[SERVER-19754] mongod aborts on memory allocation failure after upgrade from 2.6.6 to 3.0.5 Created: 04/Aug/15  Updated: 07/Apr/23  Resolved: 25/Aug/15

Status: Closed
Project: Core Server
Component/s: Internal Code, WiredTiger
Affects Version/s: None
Fix Version/s: None

Type: Bug Priority: Major - P3
Reporter: Deepak Shivamurthy Assignee: Ramon Fernandez Marina
Resolution: Done Votes: 0
Labels: RF, WTmem
Remaining Estimate: Not Specified
Time Spent: Not Specified
Original Estimate: Not Specified

Attachments: PNG File nmonCPU.png    
Operating System: Linux
Participants:

 Description   

Hi Team,

Recently I have updated mongodb from 2.6.6 to 3.0.5 (also moved from default storage to wiredtiger).
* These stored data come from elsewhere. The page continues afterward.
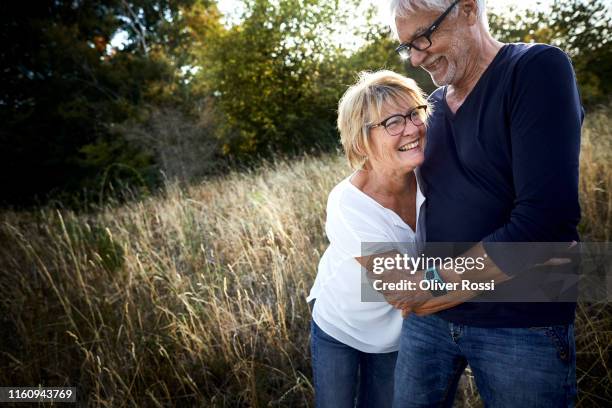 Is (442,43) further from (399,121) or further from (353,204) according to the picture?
(353,204)

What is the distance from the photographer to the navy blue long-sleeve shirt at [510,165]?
0.88 meters

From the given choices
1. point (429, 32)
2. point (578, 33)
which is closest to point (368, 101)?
point (429, 32)

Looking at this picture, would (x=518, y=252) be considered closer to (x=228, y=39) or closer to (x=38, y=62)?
(x=228, y=39)

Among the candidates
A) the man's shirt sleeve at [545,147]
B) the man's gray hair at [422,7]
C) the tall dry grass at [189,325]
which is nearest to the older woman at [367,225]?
the man's gray hair at [422,7]

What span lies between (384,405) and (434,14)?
63.0 inches

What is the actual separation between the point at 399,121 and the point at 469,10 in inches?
16.1

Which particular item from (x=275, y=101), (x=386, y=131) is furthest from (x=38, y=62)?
(x=386, y=131)

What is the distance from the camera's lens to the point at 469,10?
116cm

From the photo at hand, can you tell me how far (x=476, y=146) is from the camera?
1.05 metres

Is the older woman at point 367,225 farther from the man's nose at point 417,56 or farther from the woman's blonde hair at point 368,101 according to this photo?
the man's nose at point 417,56

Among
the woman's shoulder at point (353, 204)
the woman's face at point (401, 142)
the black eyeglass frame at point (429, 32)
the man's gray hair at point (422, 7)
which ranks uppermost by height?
the man's gray hair at point (422, 7)

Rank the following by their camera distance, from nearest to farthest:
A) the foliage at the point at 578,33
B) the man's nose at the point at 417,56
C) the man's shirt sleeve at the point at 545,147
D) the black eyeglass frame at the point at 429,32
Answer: the man's shirt sleeve at the point at 545,147 < the black eyeglass frame at the point at 429,32 < the man's nose at the point at 417,56 < the foliage at the point at 578,33

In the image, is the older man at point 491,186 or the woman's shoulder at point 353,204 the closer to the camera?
the older man at point 491,186

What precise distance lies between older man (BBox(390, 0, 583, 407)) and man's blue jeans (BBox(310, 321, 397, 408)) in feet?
0.81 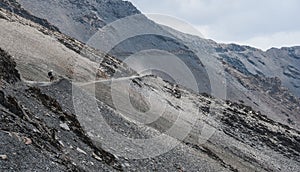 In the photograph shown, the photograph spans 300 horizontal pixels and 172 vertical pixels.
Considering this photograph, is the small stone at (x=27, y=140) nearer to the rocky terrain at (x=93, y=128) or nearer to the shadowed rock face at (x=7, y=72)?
the rocky terrain at (x=93, y=128)

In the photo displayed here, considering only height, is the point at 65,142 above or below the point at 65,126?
below

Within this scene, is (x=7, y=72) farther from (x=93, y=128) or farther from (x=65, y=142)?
(x=65, y=142)

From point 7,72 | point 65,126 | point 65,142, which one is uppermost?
point 7,72

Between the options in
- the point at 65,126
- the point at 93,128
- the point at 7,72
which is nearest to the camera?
the point at 65,126

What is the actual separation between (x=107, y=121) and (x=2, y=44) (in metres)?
19.2

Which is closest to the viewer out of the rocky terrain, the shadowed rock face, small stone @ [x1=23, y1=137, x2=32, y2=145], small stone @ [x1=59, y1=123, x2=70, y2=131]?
small stone @ [x1=23, y1=137, x2=32, y2=145]

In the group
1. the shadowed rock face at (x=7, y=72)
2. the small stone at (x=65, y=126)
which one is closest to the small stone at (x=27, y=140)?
the small stone at (x=65, y=126)

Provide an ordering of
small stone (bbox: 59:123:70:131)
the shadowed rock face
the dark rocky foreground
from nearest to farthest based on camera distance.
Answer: the dark rocky foreground, small stone (bbox: 59:123:70:131), the shadowed rock face

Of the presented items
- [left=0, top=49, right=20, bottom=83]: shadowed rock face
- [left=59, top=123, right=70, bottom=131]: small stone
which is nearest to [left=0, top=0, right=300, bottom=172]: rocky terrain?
[left=59, top=123, right=70, bottom=131]: small stone

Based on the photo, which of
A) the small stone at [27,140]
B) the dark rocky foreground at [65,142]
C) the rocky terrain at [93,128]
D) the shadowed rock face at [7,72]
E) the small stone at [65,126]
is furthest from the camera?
the shadowed rock face at [7,72]

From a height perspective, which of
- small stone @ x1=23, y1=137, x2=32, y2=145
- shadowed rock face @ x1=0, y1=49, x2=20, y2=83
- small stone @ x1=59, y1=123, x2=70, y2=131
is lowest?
small stone @ x1=59, y1=123, x2=70, y2=131

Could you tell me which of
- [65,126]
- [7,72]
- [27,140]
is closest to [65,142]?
[65,126]

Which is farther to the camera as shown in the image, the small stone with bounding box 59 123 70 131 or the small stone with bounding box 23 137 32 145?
the small stone with bounding box 59 123 70 131

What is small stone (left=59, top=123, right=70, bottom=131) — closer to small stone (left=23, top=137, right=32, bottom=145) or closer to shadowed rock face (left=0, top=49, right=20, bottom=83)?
shadowed rock face (left=0, top=49, right=20, bottom=83)
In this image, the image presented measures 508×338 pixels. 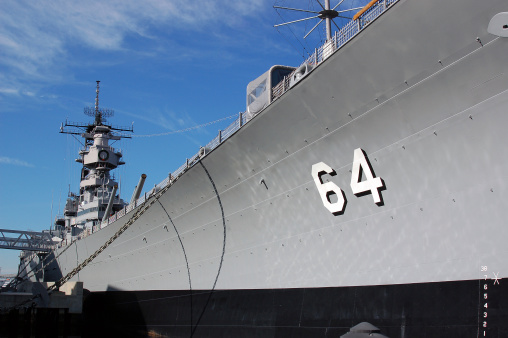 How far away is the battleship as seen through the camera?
6.50 m

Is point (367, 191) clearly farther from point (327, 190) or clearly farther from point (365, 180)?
point (327, 190)

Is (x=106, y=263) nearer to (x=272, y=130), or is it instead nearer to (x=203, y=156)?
(x=203, y=156)

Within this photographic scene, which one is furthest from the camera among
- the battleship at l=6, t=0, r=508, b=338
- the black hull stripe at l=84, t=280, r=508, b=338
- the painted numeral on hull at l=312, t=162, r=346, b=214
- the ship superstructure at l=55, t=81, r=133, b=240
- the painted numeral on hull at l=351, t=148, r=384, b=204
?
the ship superstructure at l=55, t=81, r=133, b=240

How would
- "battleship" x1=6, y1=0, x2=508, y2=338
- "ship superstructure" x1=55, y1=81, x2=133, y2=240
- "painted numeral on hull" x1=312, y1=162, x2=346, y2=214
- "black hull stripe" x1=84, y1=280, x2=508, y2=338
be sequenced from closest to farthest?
"battleship" x1=6, y1=0, x2=508, y2=338 < "black hull stripe" x1=84, y1=280, x2=508, y2=338 < "painted numeral on hull" x1=312, y1=162, x2=346, y2=214 < "ship superstructure" x1=55, y1=81, x2=133, y2=240

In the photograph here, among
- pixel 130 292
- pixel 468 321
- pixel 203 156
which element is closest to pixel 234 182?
pixel 203 156

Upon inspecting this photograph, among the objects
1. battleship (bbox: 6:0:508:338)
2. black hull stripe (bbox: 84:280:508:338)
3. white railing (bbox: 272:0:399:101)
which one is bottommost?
black hull stripe (bbox: 84:280:508:338)

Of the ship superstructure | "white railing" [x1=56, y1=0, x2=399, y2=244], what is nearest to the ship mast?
the ship superstructure

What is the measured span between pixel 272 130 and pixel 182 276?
6202 mm

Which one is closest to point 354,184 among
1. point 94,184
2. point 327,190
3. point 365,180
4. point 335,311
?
point 365,180

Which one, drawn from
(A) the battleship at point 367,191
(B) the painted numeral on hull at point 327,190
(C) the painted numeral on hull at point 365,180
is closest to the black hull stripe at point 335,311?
(A) the battleship at point 367,191

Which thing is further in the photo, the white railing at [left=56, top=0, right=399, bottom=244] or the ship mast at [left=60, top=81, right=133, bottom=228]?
the ship mast at [left=60, top=81, right=133, bottom=228]

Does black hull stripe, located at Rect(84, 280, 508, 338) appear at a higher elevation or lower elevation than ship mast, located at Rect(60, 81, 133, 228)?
lower

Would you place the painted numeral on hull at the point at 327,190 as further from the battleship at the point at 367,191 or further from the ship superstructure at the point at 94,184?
the ship superstructure at the point at 94,184

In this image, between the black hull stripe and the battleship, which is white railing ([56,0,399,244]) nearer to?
the battleship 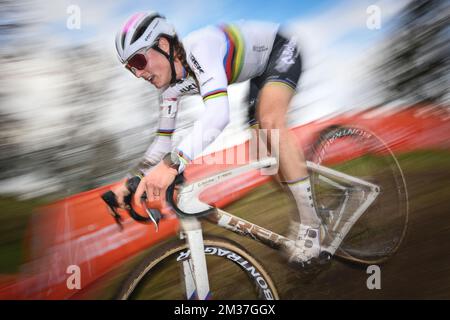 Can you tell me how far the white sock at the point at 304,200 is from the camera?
261cm

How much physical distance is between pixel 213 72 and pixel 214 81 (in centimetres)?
4

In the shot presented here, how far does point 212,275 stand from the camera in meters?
2.58

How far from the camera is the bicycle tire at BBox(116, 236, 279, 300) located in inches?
94.7

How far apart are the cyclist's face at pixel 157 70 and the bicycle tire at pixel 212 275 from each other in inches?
32.5

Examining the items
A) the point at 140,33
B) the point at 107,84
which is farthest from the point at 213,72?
the point at 107,84

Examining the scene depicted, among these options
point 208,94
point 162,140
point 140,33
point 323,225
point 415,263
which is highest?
point 140,33

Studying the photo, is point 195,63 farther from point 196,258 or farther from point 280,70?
point 196,258

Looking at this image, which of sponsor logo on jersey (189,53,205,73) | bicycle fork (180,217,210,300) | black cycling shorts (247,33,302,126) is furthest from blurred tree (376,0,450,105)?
bicycle fork (180,217,210,300)

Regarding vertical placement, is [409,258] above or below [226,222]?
below

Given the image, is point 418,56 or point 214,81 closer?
point 214,81

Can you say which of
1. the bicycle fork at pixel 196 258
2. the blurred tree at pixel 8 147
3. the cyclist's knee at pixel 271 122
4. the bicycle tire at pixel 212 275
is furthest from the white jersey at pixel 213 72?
the blurred tree at pixel 8 147

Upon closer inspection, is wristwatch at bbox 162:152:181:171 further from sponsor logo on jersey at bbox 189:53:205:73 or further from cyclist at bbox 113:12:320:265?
sponsor logo on jersey at bbox 189:53:205:73

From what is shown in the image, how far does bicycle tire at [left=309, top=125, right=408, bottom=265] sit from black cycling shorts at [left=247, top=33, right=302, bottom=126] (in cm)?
37

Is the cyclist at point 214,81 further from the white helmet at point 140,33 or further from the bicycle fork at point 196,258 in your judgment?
the bicycle fork at point 196,258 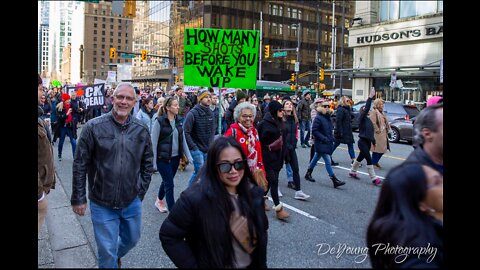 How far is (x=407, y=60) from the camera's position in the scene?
1191 inches

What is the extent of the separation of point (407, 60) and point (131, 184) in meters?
30.1

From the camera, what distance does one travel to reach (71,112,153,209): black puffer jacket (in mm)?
3537

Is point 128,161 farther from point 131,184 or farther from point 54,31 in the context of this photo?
point 54,31

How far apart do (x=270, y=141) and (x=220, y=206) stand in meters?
4.01

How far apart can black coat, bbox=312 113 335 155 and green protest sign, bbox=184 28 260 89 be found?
2.25 meters

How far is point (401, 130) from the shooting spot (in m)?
15.9

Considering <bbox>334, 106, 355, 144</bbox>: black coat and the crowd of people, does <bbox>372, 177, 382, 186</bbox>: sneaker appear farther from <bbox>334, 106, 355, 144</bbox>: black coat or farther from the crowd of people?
the crowd of people

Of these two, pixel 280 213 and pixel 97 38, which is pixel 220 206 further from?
pixel 97 38

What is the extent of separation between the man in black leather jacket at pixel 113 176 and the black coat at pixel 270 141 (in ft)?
9.06

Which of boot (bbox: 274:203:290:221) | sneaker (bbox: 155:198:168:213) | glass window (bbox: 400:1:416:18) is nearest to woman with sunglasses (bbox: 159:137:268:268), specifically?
boot (bbox: 274:203:290:221)

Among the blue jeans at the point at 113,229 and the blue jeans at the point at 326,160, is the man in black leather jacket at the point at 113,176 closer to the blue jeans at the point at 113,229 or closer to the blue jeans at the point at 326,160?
the blue jeans at the point at 113,229

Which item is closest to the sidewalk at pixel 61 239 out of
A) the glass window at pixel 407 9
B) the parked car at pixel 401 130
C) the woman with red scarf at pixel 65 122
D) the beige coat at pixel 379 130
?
the woman with red scarf at pixel 65 122

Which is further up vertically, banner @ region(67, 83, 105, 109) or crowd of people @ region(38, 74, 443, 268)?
banner @ region(67, 83, 105, 109)

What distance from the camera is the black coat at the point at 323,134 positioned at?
8.09 m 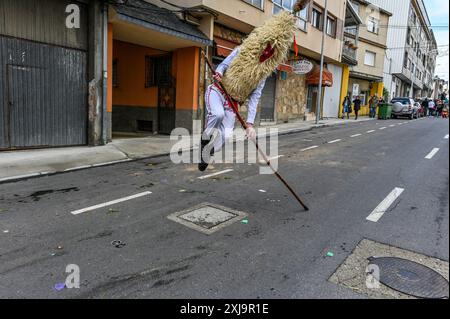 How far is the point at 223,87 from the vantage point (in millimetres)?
5340

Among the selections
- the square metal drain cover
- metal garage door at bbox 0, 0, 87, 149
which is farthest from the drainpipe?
the square metal drain cover

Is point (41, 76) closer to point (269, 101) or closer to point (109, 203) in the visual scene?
point (109, 203)

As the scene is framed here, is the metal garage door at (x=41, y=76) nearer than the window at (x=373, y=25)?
Yes

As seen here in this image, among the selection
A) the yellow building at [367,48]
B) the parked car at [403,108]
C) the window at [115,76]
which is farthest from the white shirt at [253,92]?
the parked car at [403,108]

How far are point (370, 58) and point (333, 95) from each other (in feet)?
35.1

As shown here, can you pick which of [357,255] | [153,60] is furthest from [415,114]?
[357,255]

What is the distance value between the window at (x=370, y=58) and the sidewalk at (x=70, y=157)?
1122 inches

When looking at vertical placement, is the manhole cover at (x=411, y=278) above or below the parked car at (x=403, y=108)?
below

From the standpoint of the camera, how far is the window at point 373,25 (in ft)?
109

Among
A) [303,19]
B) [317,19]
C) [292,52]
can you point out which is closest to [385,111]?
[317,19]

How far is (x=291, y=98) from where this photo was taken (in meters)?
21.2

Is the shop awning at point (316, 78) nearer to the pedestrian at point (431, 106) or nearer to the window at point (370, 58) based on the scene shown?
the window at point (370, 58)

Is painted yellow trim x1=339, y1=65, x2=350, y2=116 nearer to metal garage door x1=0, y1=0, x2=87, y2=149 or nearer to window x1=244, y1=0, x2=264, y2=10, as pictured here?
window x1=244, y1=0, x2=264, y2=10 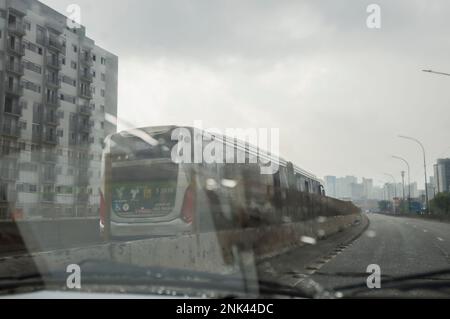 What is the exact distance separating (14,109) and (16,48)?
5.90 m

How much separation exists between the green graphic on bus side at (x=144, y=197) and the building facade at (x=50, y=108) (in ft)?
92.7

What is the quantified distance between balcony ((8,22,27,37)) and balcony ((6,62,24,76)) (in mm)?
2820

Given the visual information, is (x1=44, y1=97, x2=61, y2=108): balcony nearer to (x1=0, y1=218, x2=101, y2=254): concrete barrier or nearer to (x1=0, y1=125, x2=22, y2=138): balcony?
(x1=0, y1=125, x2=22, y2=138): balcony

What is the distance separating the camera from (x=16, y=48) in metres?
51.9

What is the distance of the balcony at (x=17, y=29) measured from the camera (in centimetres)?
5103

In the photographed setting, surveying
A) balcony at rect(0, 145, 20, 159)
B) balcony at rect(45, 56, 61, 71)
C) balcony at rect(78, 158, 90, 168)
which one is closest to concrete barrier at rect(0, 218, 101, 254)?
balcony at rect(0, 145, 20, 159)

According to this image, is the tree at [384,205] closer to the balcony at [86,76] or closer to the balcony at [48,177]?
the balcony at [86,76]

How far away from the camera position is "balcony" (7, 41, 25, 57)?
51.0 m

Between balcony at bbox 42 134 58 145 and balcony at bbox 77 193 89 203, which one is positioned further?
balcony at bbox 42 134 58 145

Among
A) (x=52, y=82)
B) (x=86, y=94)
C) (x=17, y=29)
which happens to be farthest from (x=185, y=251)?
(x=86, y=94)

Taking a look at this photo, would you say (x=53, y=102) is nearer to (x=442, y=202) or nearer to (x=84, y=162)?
(x=84, y=162) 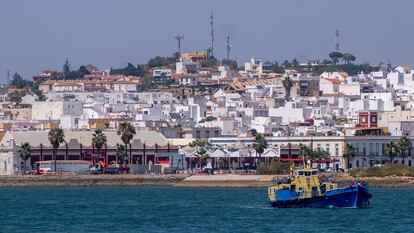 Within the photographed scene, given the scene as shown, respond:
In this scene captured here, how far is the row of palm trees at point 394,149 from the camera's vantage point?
156 meters

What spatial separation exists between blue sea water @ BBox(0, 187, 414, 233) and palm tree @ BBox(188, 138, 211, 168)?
39619 millimetres

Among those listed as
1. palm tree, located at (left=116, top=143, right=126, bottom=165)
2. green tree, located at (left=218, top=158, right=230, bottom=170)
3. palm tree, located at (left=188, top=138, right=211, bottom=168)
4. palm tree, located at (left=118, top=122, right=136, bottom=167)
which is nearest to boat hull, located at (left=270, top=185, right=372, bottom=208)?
palm tree, located at (left=118, top=122, right=136, bottom=167)

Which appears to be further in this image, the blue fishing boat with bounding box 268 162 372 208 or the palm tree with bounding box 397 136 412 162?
the palm tree with bounding box 397 136 412 162

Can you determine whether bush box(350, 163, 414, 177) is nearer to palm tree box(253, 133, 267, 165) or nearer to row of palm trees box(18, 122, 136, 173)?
palm tree box(253, 133, 267, 165)

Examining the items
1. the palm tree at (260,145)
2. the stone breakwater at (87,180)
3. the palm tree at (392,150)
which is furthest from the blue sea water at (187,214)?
the palm tree at (260,145)

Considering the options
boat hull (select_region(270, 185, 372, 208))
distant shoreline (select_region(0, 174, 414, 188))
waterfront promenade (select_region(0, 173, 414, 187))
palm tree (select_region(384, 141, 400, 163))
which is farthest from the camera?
palm tree (select_region(384, 141, 400, 163))

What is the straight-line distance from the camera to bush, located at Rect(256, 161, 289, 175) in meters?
148

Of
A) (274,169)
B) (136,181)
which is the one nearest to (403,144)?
(274,169)

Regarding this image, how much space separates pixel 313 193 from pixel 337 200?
4.69 ft

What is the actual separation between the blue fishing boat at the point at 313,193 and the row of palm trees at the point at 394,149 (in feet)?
200

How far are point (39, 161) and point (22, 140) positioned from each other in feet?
9.88

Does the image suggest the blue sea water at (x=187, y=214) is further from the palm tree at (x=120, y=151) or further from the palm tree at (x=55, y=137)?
the palm tree at (x=120, y=151)

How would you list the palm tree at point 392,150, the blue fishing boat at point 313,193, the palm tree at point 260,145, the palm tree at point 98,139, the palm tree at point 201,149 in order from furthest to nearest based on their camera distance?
the palm tree at point 201,149
the palm tree at point 260,145
the palm tree at point 98,139
the palm tree at point 392,150
the blue fishing boat at point 313,193

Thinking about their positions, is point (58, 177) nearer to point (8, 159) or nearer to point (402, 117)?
point (8, 159) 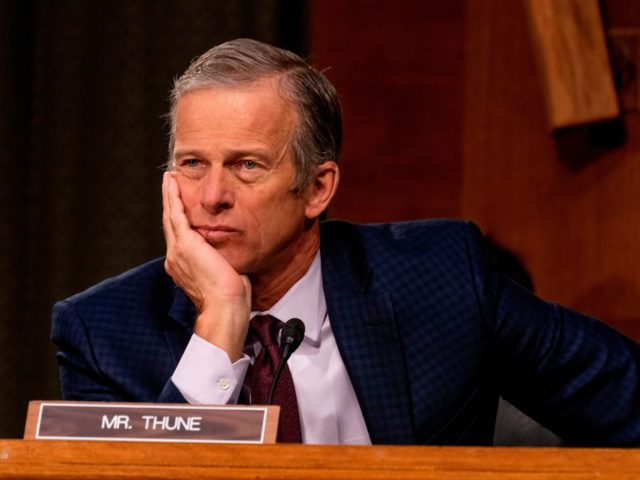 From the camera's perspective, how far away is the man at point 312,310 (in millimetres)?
1732

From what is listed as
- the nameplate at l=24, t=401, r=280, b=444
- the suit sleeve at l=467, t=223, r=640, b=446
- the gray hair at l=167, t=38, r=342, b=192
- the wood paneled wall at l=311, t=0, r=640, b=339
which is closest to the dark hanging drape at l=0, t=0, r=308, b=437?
the wood paneled wall at l=311, t=0, r=640, b=339

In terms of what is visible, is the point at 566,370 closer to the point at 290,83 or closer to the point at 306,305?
the point at 306,305

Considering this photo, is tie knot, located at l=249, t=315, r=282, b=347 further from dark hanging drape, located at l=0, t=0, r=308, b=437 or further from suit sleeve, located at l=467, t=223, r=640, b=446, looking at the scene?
dark hanging drape, located at l=0, t=0, r=308, b=437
I have not experience any issues till now, there was a lot of improvement in performance.

But today one of the replica set was crashed with below errors (taken from log) when doing write operations (which creates temporary collections dynamically). I am not sure whether its a issue with wiredtiger.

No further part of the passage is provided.